*Captioned web image data:*
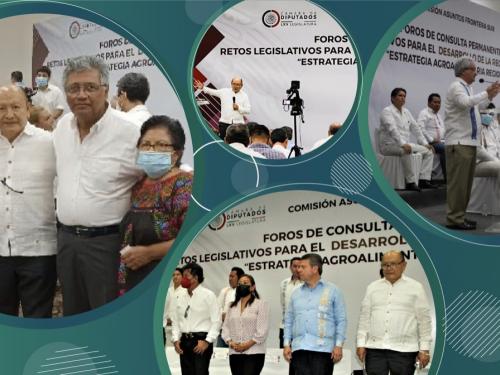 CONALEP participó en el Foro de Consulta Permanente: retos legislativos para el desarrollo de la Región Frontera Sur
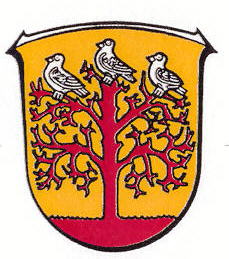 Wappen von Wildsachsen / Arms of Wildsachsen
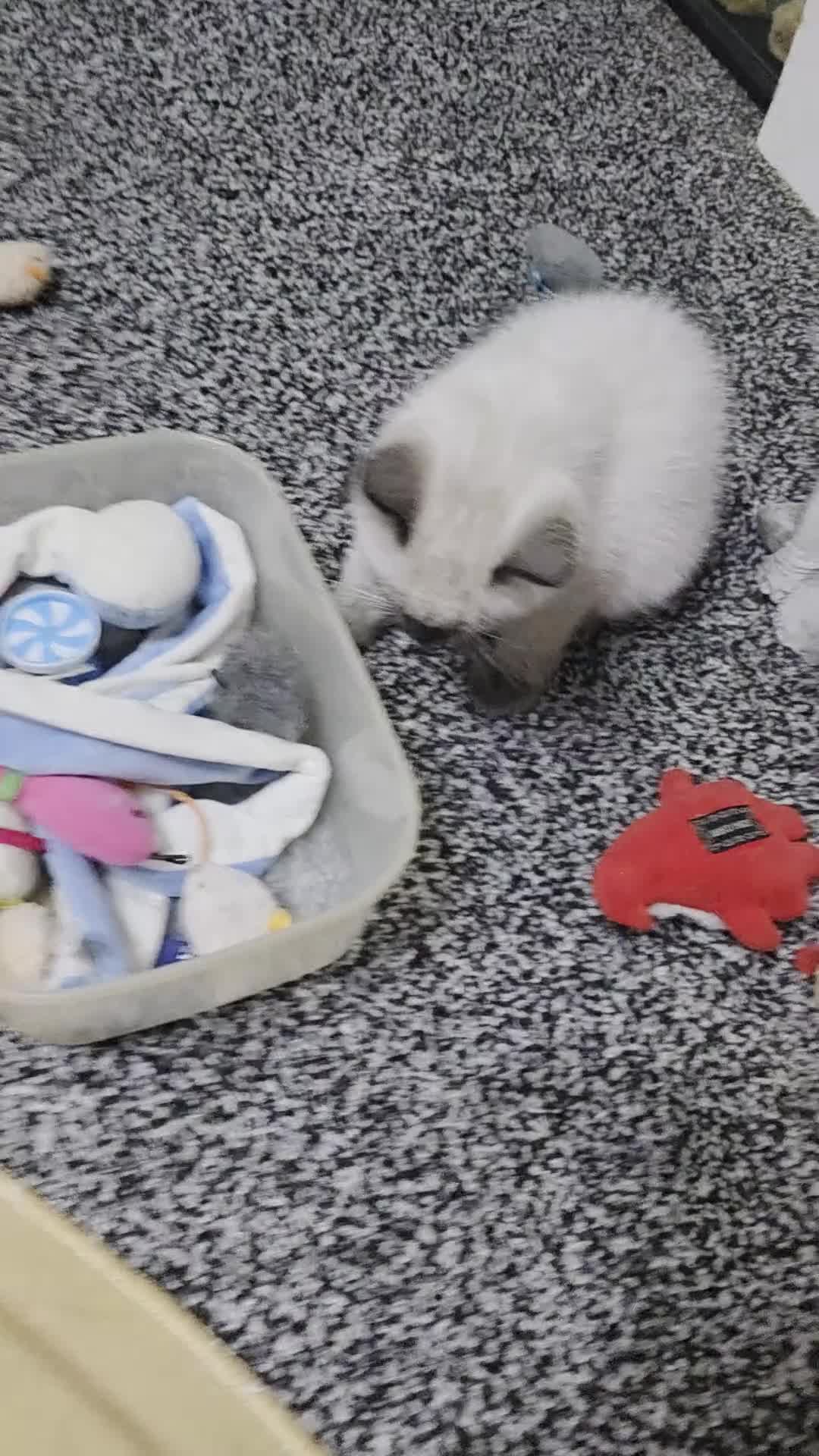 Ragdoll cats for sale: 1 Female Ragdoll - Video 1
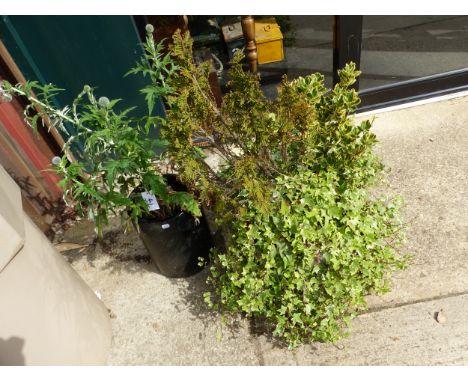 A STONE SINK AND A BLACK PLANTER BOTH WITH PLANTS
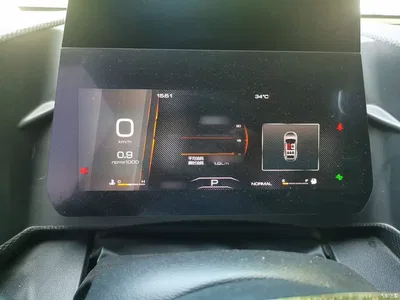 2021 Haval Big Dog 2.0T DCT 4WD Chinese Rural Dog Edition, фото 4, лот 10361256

*HOW TO COMPLETE THIS TASK:* Transcribe the records above verbatim. Do not carry over any picture.

*RESPONSE:*
 CONALEP participó en el Foro de Consulta Permanente: retos legislativos para el desarrollo de la Región Frontera Sur
 Wappen von Wildsachsen / Arms of Wildsachsen
 Ragdoll cats for sale: 1 Female Ragdoll - Video 1
 A STONE SINK AND A BLACK PLANTER BOTH WITH PLANTS
 2021 Haval Big Dog 2.0T DCT 4WD Chinese Rural Dog Edition, фото 4, лот 10361256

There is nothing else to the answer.